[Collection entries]
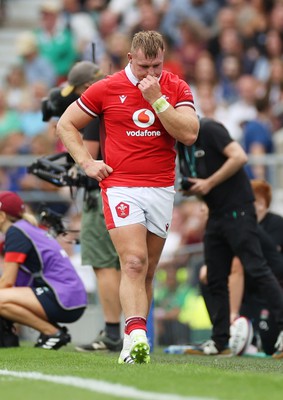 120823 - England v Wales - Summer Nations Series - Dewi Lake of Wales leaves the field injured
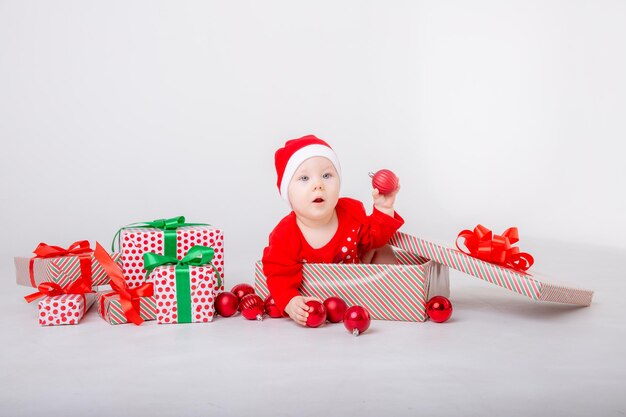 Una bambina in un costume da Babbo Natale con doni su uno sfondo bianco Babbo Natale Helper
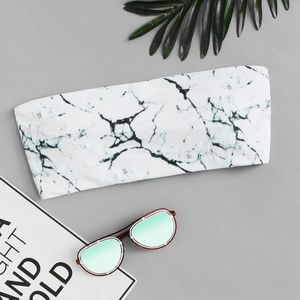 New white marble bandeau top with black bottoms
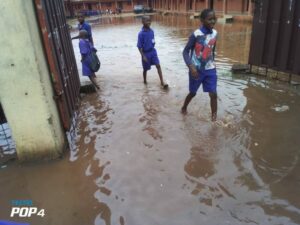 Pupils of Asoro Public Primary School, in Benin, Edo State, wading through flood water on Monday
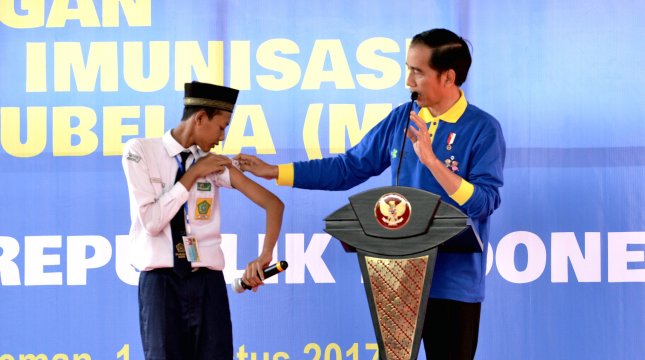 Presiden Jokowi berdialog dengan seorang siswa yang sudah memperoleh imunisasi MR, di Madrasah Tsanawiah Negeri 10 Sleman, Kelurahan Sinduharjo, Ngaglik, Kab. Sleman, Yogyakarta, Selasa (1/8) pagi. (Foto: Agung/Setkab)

◆ **Work to be completed**
Repeat the records word for word. Any picture in them should be left out.

◆ **Answer to the problem**
 120823 - England v Wales - Summer Nations Series - Dewi Lake of Wales leaves the field injured
 Una bambina in un costume da Babbo Natale con doni su uno sfondo bianco Babbo Natale Helper
 New white marble bandeau top with black bottoms
 Pupils of Asoro Public Primary School, in Benin, Edo State, wading through flood water on Monday
 Presiden Jokowi berdialog dengan seorang siswa yang sudah memperoleh imunisasi MR, di Madrasah Tsanawiah Negeri 10 Sleman, Kelurahan Sinduharjo, Ngaglik, Kab. Sleman, Yogyakarta, Selasa (1/8) pagi. (Foto: Agung/Setkab)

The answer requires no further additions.